Der Gesetzgeber will diese Position der FondsIndustrie zu Mikrofinanzfonds nur teilweise gelten lassen. Mit der Gesetzesnovellierung vom Juli 2011 ordnet das InvG für Investoren, Privatanleger und FondsSparer laut §90h InvG Mikrofinanzfonds der Gruppe der „Sonstigen Sondervermögen“ zu. In erster Linie bezieht sich diese Kategorisierung auf das Profil der Vermögensgegenstände eines solchen Fonds. Dazu zählen zum Beispiel Edelmetalle oder direkte Unternehmensbeteiligungen, deren Finanzverkehr für FondsManagement, Privatanleger, FondsSparer und Investoren anders läuft als eine gängige Wertpapiertransaktion mit Aktien oder Anleihen. Die Kapitalsicherung im Falle der Insolvenz der FondsGesellschaft ist auch bei „sonstigen Sondervermögen“ durch die Trennung des FondsVermögens vom Vermögen des FondsHauses für die Geldanlage der Privatanleger, FondsSparer und Investoren gewährleistet.

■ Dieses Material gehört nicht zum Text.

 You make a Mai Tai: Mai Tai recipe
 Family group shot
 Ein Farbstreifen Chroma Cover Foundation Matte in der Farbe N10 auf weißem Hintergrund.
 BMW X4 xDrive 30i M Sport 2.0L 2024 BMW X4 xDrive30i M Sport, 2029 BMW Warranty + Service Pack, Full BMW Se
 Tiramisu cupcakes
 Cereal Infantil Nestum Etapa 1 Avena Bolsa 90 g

Um die Risiken für Investoren, FondsSparer und Privatanleger eines Engagements im Mikrofinanzfonds Invest in Visions Mikrofinanzfonds neben der Streuung des FondsKapital auf Mikrofinanzinstitute mit hunderten und tausenden von Kreditnehmern weiter zu reduzieren, erfolgt nach Angaben des FondsHauses eine gründliche Auswahl der Mikrofinanzinstitute. Diese Auswahl erfolgt durch das FondsManagement des Mikrofinanzfonds auf Basis von fünf Kriterien.

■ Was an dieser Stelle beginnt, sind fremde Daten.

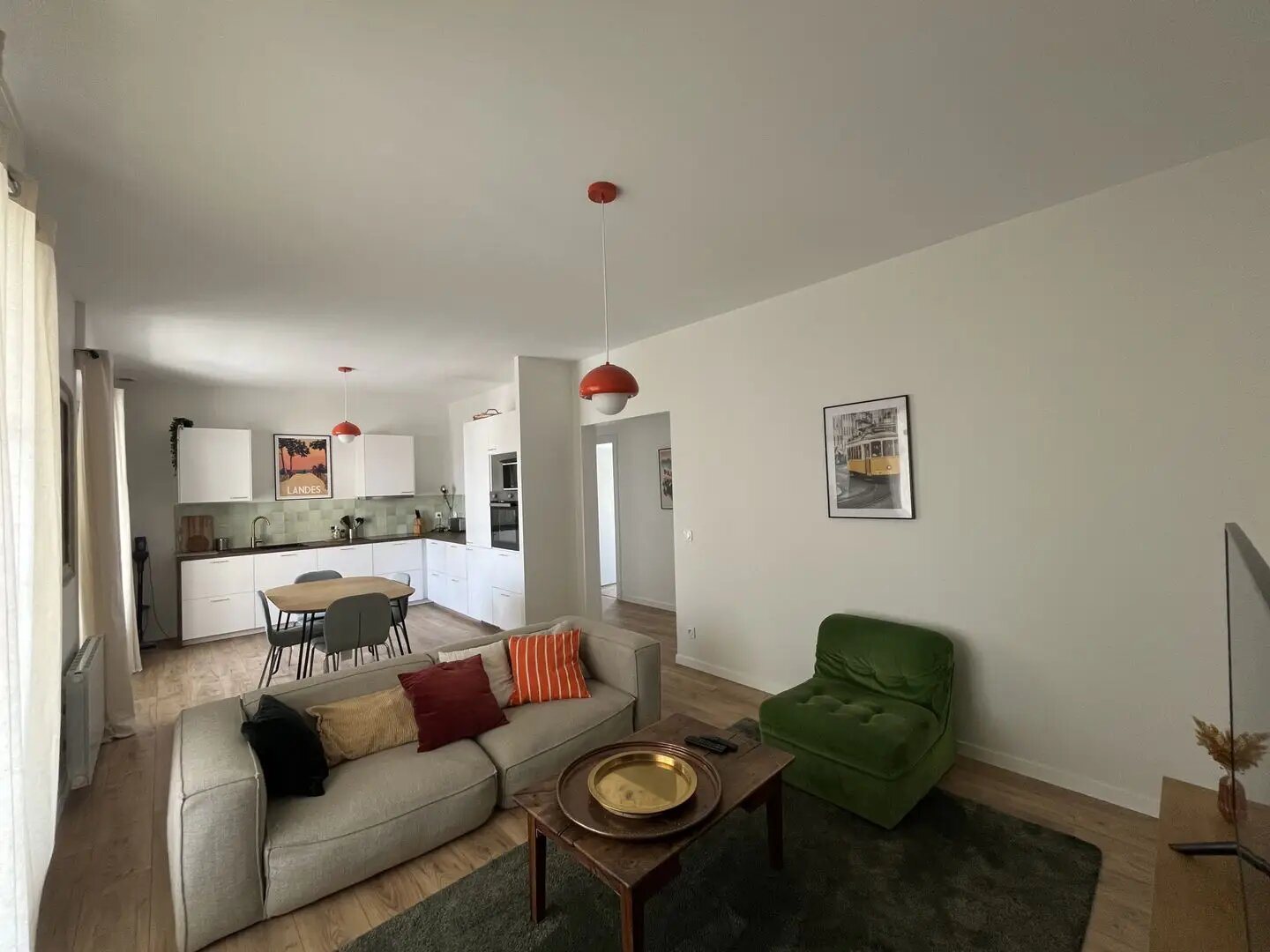 Appartement à louer, 105m², Pau
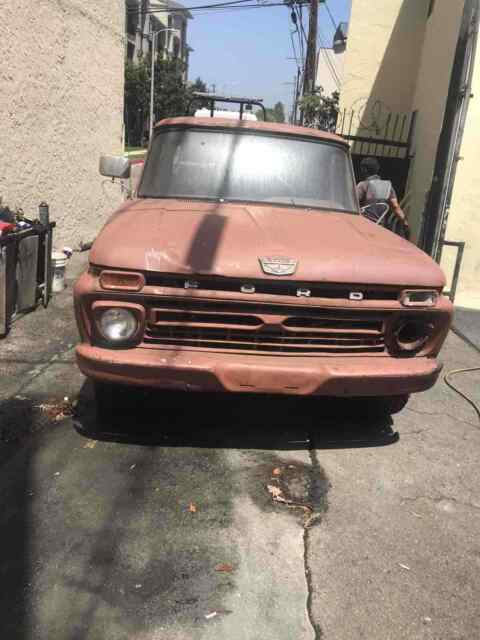 Ford F100 1966 image number 2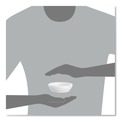 Cutlery | Dart 5B20 5 oz. Insulated Foam Bowls - White (1000/Carton) image number 5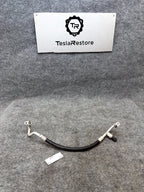 2020-2024 TESLA MODEL Y A/C AIR CONDITIONER DISCHARGE HOSE PIPE OEM,1092158-00-F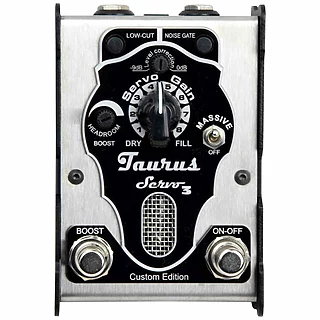 Updated Pedal: Taurus Pedals Servo 3 Tone Enhancer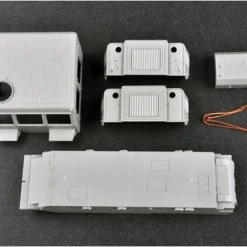 09514 | Trumpeter 1/35 Russian AT-S Artillery Tractor W/ ML-20 152mm Howitzer Scaled Plastic Model Kit -Mini Crafters Store TRU 09514 57 1200x800 1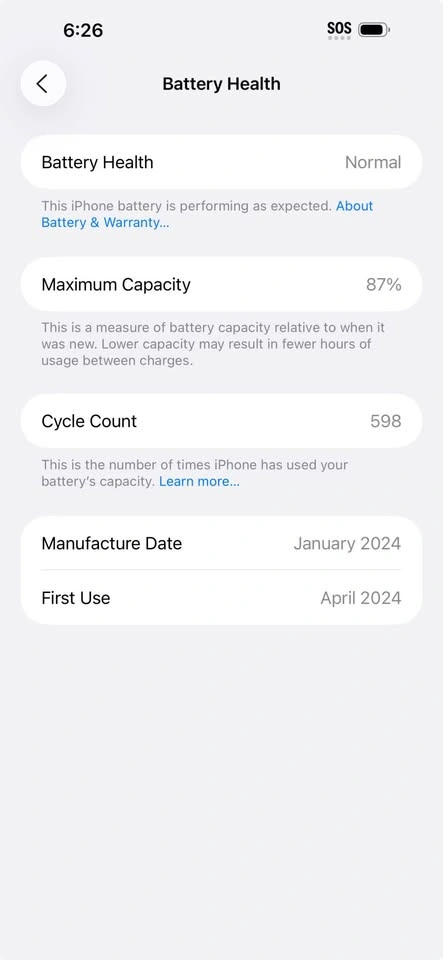 iPhone 15 Plus - Like New Condition - photo 4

Erster Schritt für die Privatanleger, FondsSparer und Investoren des Mikrofinanzfonds ist eine Länderanalyse, die quantitative volkswirtschaftliche Daten und qualitative Kriterien wie Korruptionsfaktor oder Armutsgrenze einschließt. Zweiter Schritt ist die Prüfung des Finanzsektors, inklusive des Bereichs der Mikrofinanzkredite. Im Anschluss werden die einzelnen Finanzinstitute für den Mikrofinanzfonds analysiert. Dabei sind die Finanzkennzahlen des Institutes für das FondsManagement des Invest in Visions Mikrofinanzfonds ebenso wichtig, wie die Qualität der Unternehmensführung. Auch das Währungsrisiko spielt als Auswahlkriterium eine wichtige Rolle, sowie im Besonderen das Kreditrisiko und das damit verbundene Ausfallrisiko. Als fünftes Kriterium wird im Interesse der FondsSparer, Investoren und Privatanleger das soziale Engagement analysiert.

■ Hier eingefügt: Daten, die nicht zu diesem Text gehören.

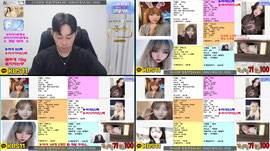 1콜째 역대급 4개팅 지원폭주!!👑소개팅👑키스.정현재.부킹,여캠,남캠.신입,엑셀,먹방.엑셀.서든
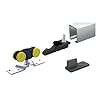 set complet pour portes coulissantes, portes int&eacute;rieures et placards
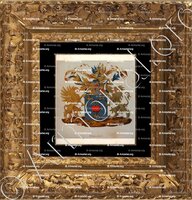 cadre-ancien-or-BORLUUT_Wapenboek van den Nederlandschen Adel. (J.B. Rietstap)._Nederland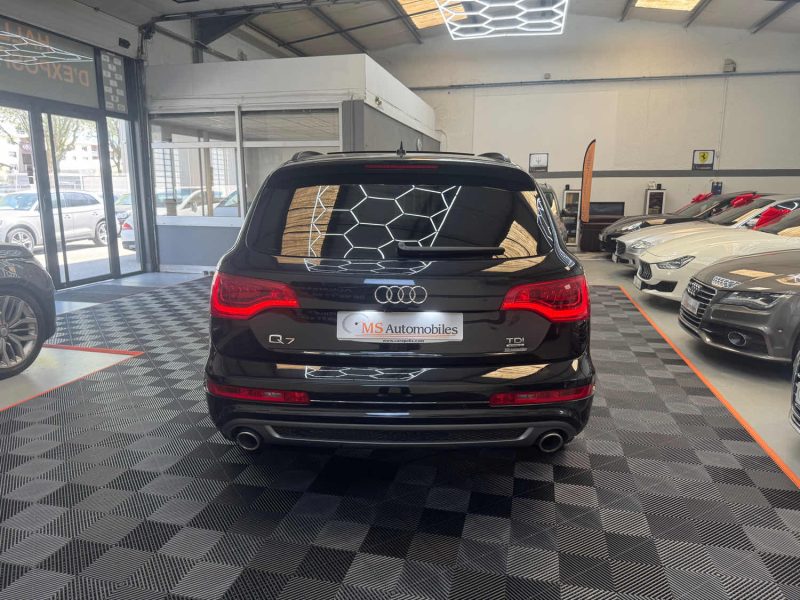 AUDI Q7 3.0 TDI V6 240ch QUATTRO TIPTRONIC6 SLINE FULL 7 PLACES GARANTIE 24 MOIS HISTORIQUE COMPLET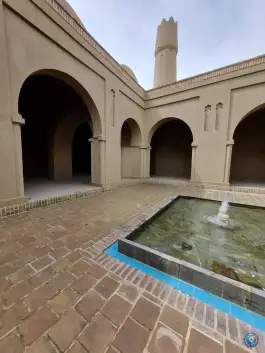 عکس مسجد جامع فهرج کرج 5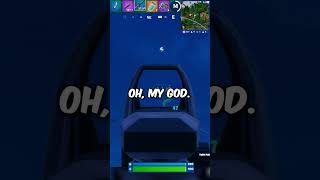 He didn't even know what happened 😂 #fortnite #shorts #ytshorts #cuvey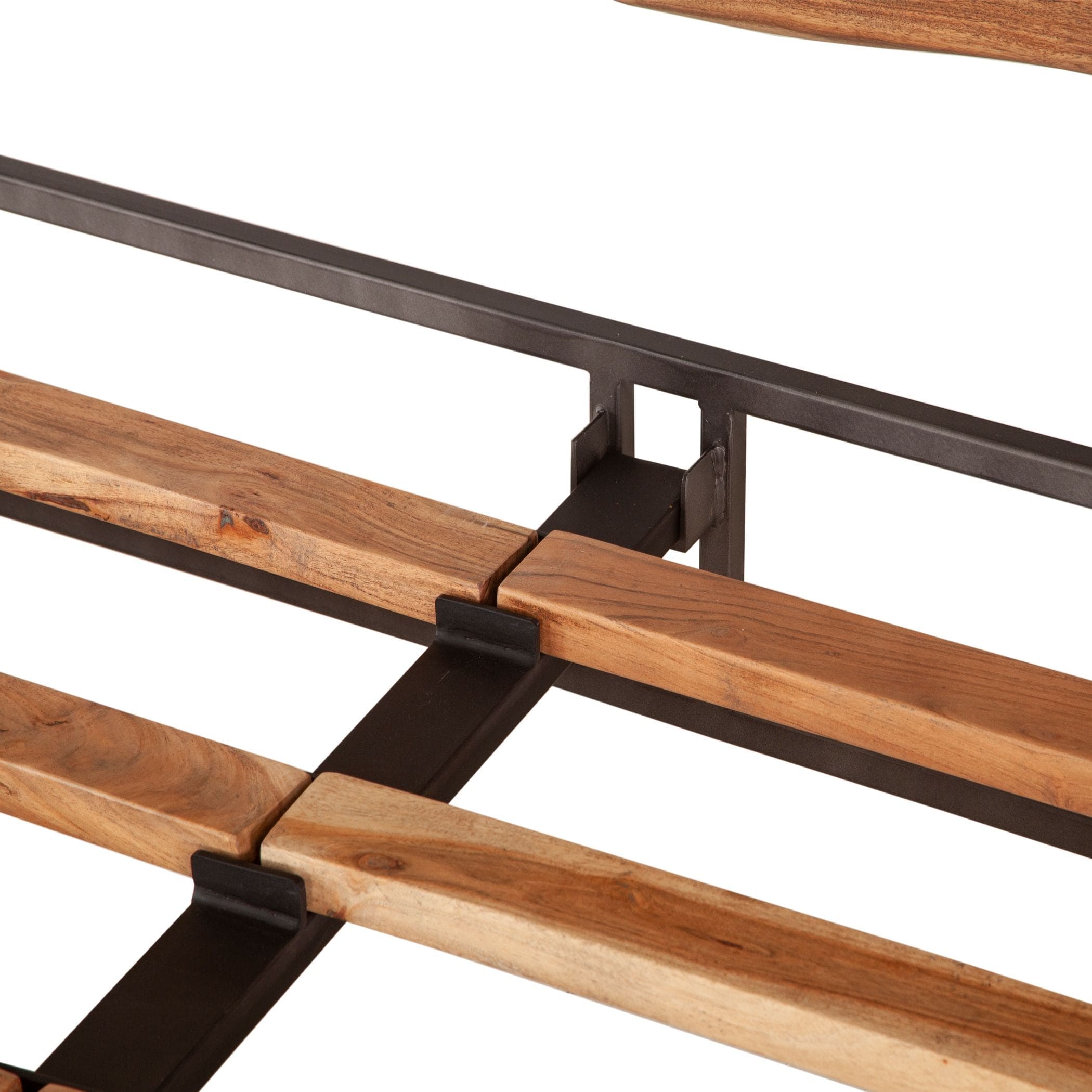 Aspen Smoked Acacia Bed-Bed-Home Trends & Design-New Braunfels Mattress Company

SJB-Fazit von Gerd Bennewirtz:  Für FondsSparer, Investoren und Privatanleger liegt der Reiz des Investmentthemas Mikrofinanzkredite und Mikrofinanzfonds aus Sicht der SJB in der doppelten Diversifikation. Aufgrund der niedrigen Korrelation zum Finanzmarkt und der breiten Streuung der Mikrofinanzkredite eignen sich Mikrofinanzfonds wie der Invest in Visions Mikrofinanzfonds insbesondere als Baustein zur Diversifizierung des Portfolios. Bisher konnten deutsche FondsSparer, Investoren und Privatanleger diese FondsSpezialität nur über Mikrofinanzfonds Luxemburger Herkunft ins Depot holen. Hier ist das Volumen dieser auf Mikrofinanzkredite fokussierten FondsKlasse inzwischen auf rund 6,2 Milliarden Euro angestiegen. Grundsätzlich sollten Investoren, Privatanleger und FondsSparer ihre Entscheidung über die Hereinnahme eines Mikrofinanzfonds ins Depot davon abhängig machen, ob die FondsSpezialität als Teilbaustein zur Gesamtallokation des Vermögens passt. Dass sich Investoren, Privatanleger und FondsSparer mit ihrer Geldanlage in einem wirklich nachhaltigen Investitionsumfeld bewegen, ist ein angenehmer Zweiteffekt.

Gerd Bennewirtz, Gründungsgesellschafter und Geschäftsführer: FondsRatschlag!